*TASK STATEMENT*
For this exercise, reproduce only the lines from the one holding "Sốc bán gấp" through the final line of the data below, exactly, and omit pictures.

*PROVIDED ENTRIES*

━━━━━━━━━━━━━━━━━━━━

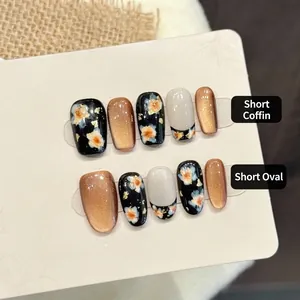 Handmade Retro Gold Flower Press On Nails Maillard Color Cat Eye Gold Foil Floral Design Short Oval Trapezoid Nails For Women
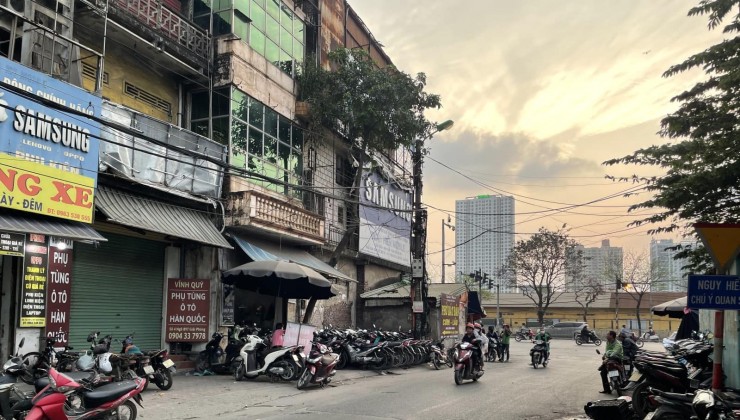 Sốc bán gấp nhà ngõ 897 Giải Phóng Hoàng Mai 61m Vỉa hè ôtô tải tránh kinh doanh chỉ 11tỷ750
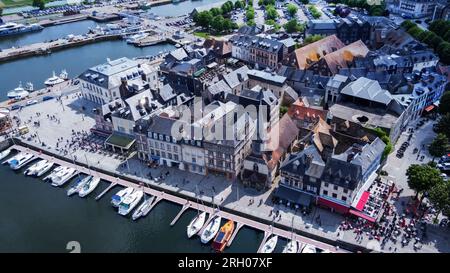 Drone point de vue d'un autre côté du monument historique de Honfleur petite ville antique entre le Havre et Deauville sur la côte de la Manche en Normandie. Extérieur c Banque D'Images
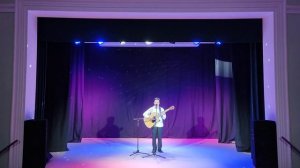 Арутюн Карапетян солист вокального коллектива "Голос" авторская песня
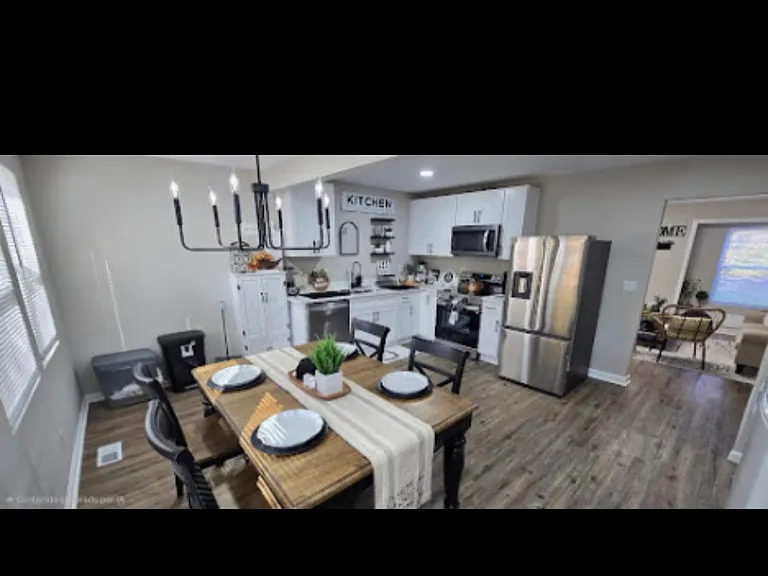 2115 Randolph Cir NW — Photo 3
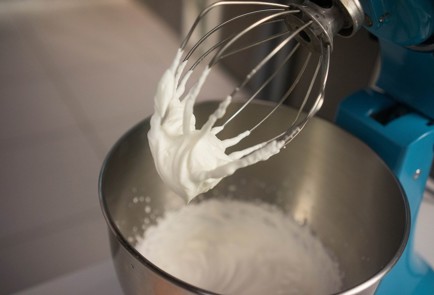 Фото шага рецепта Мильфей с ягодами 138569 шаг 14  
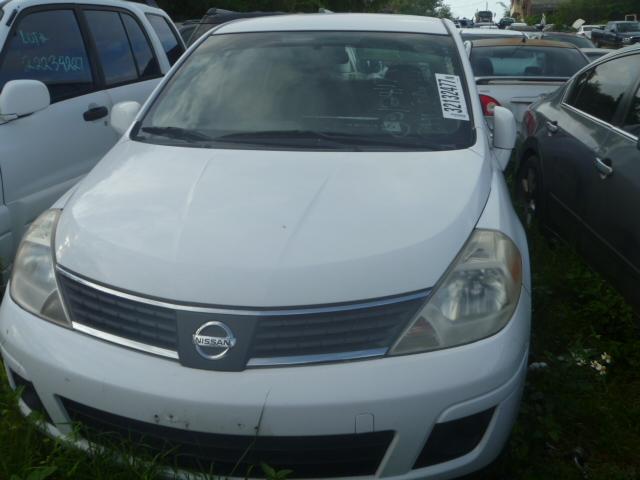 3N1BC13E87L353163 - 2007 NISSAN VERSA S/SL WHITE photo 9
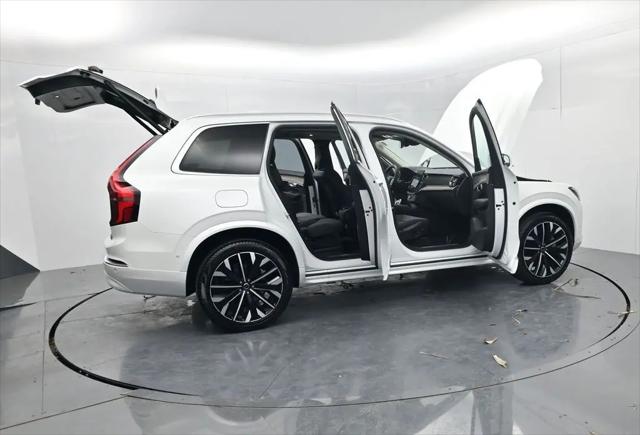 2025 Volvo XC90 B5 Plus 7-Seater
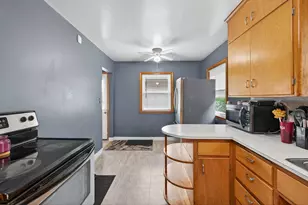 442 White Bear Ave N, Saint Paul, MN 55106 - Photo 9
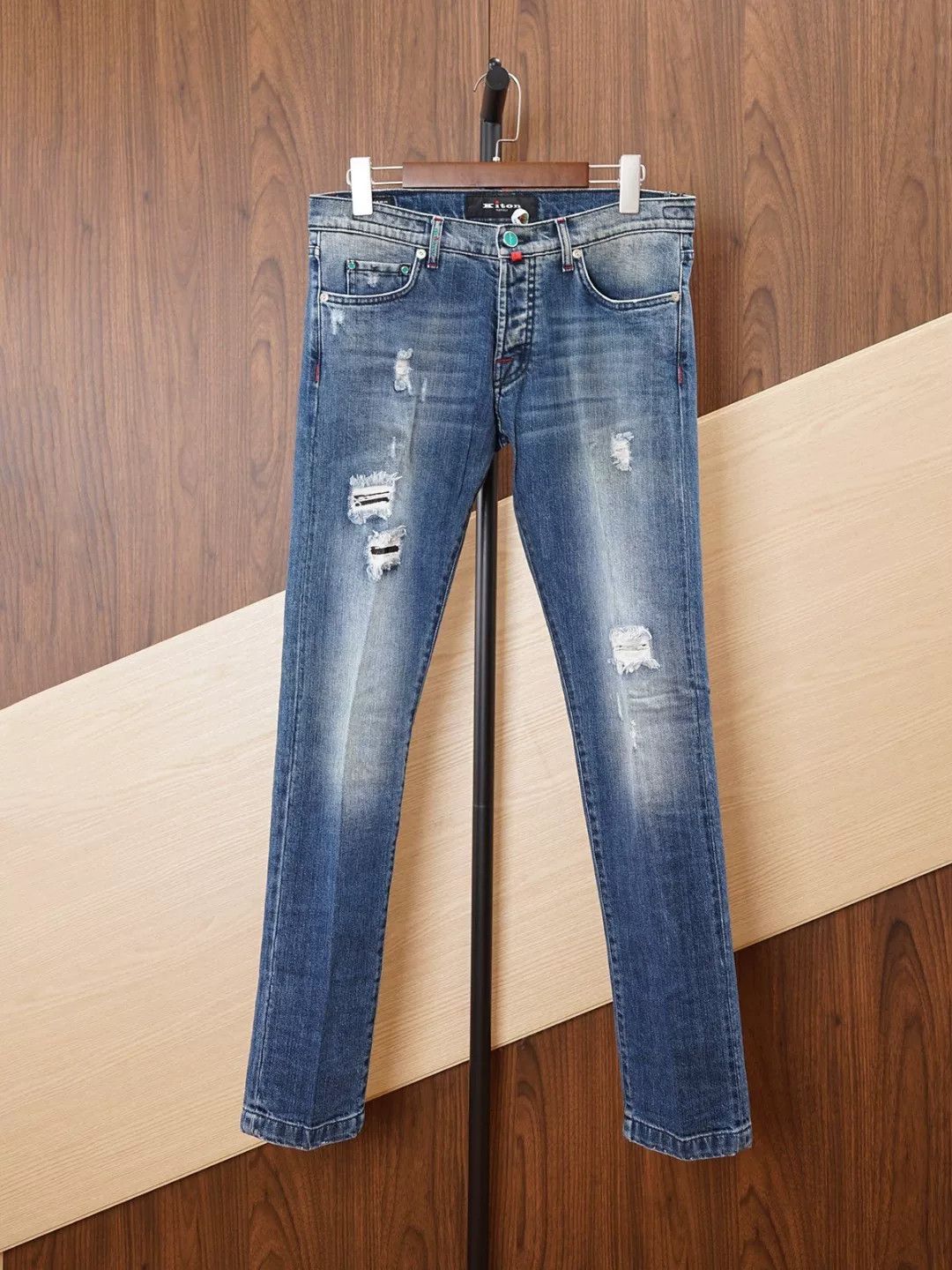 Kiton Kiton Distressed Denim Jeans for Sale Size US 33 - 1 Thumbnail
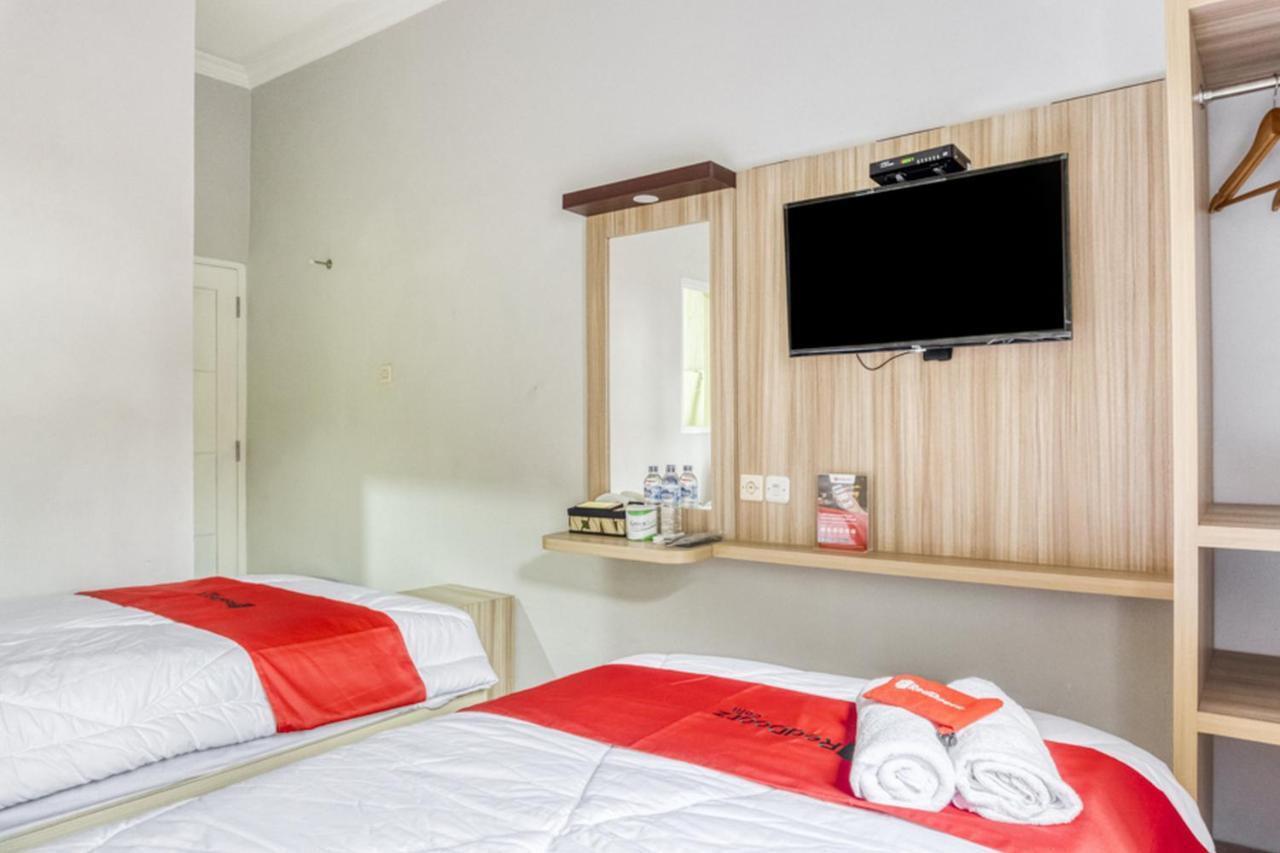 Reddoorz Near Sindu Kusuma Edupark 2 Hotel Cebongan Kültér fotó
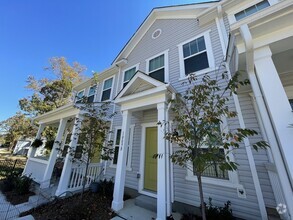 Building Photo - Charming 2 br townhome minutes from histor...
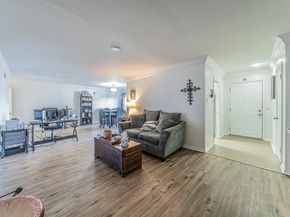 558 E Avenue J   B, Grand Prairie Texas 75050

━━━━━━━━━━━━━━━━━━━━

*TASK OUTPUT*
 Sốc bán gấp nhà ngõ 897 Giải Phóng Hoàng Mai 61m Vỉa hè ôtô tải tránh kinh doanh chỉ 11tỷ750
 Drone point de vue d'un autre côté du monument historique de Honfleur petite ville antique entre le Havre et Deauville sur la côte de la Manche en Normandie. Extérieur c Banque D'Images
 Арутюн Карапетян солист вокального коллектива "Голос" авторская песня
 2115 Randolph Cir NW — Photo 3
 Фото шага рецепта Мильфей с ягодами 138569 шаг 14  
 3N1BC13E87L353163 - 2007 NISSAN VERSA S/SL WHITE photo 9
 2025 Volvo XC90 B5 Plus 7-Seater
 442 White Bear Ave N, Saint Paul, MN 55106 - Photo 9
 Kiton Kiton Distressed Denim Jeans for Sale Size US 33 - 1 Thumbnail
 Reddoorz Near Sindu Kusuma Edupark 2 Hotel Cebongan Kültér fotó
 Building Photo - Charming 2 br townhome minutes from histor...
 558 E Avenue J   B, Grand Prairie Texas 75050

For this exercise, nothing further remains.